**WHAT TO PRODUCE**
Within the records that follow, restate exactly the lines from the line with "Get excited about" down to the line with "How to style", including both. Omit the pictures.
==== EXTRACTED DATA ====
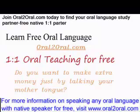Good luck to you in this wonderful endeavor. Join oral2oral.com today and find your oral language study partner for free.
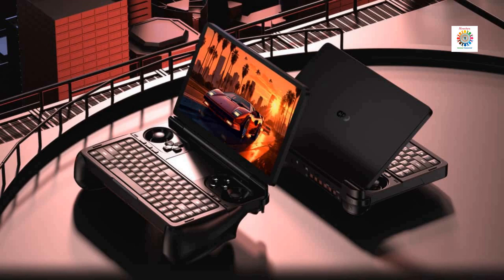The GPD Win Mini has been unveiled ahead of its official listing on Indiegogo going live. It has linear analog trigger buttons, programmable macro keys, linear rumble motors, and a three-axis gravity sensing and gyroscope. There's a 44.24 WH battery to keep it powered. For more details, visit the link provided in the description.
====
==== EXTRACTED DATA ====
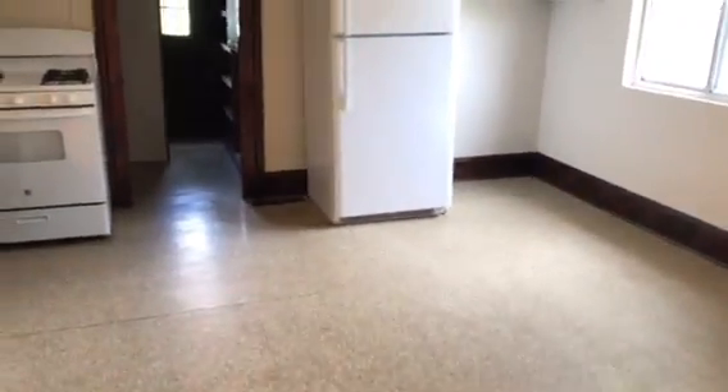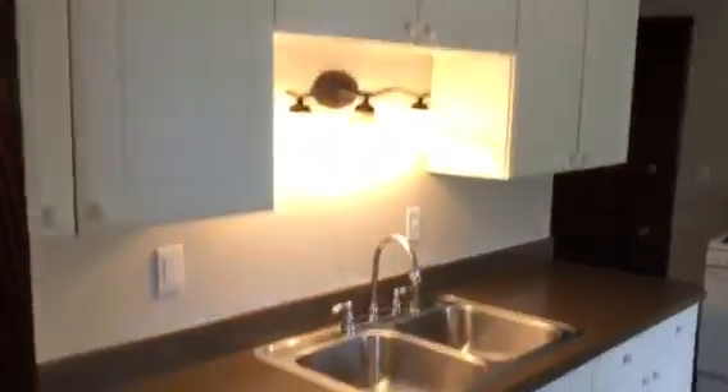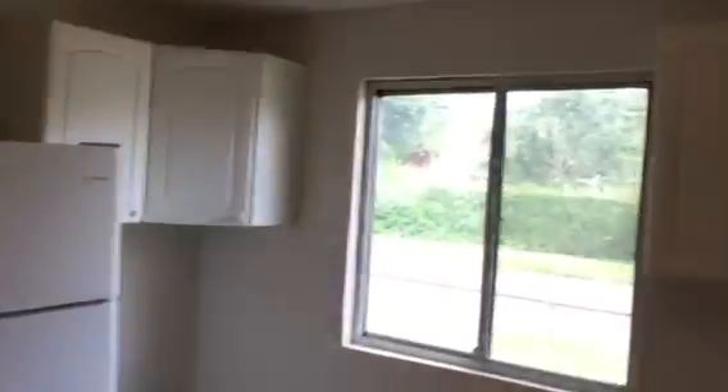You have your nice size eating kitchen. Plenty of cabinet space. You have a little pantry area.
====
==== EXTRACTED DATA ====
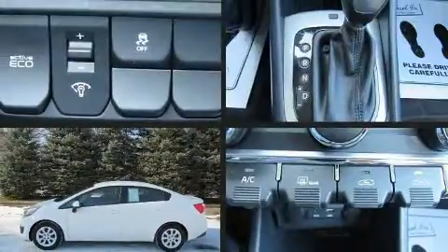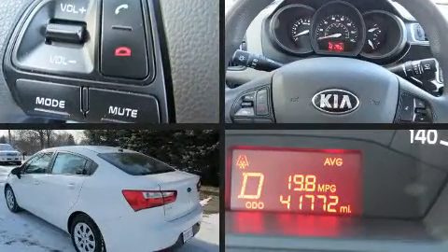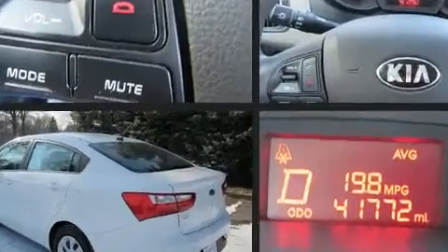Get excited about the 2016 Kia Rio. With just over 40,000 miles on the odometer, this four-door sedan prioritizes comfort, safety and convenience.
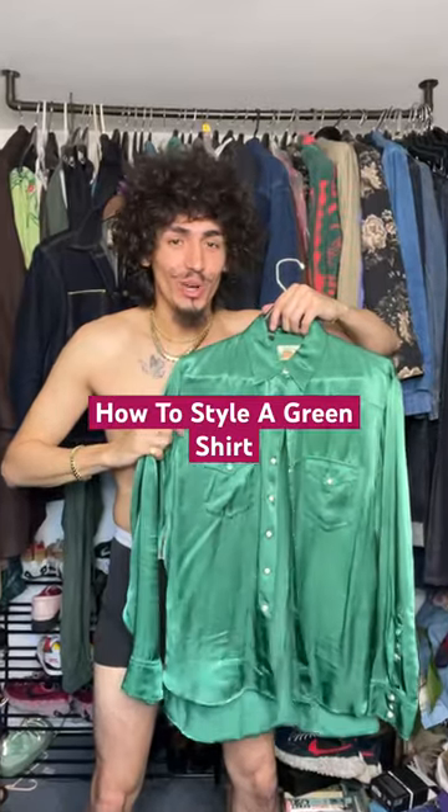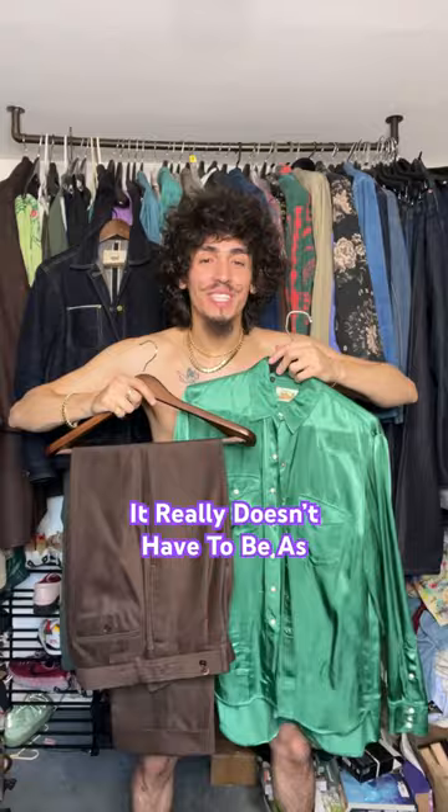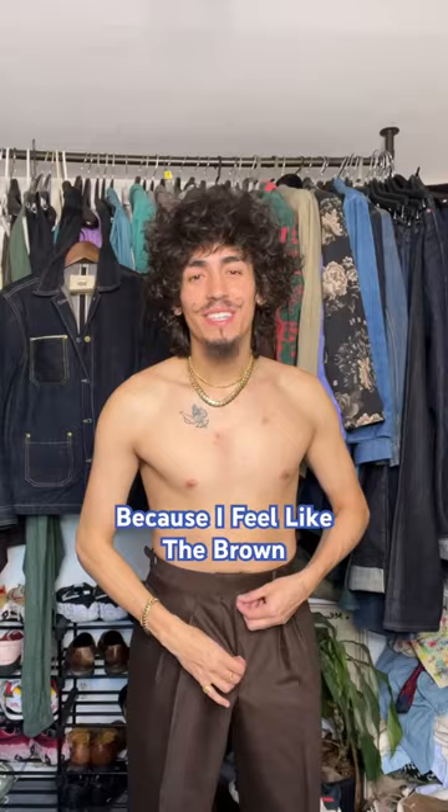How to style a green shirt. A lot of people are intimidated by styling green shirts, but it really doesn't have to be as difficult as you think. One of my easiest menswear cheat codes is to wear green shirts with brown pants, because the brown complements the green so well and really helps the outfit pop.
====
**ANSWER**
Get excited about the 2016 Kia Rio. With just over 40,000 miles on the odometer, this four-door sedan prioritizes comfort, safety and convenience.
How to style a green shirt. A lot of people are intimidated by styling green shirts, but it really doesn't have to be as difficult as you think. One of my easiest menswear cheat codes is to wear green shirts with brown pants, because the brown complements the green so well and really helps the outfit pop.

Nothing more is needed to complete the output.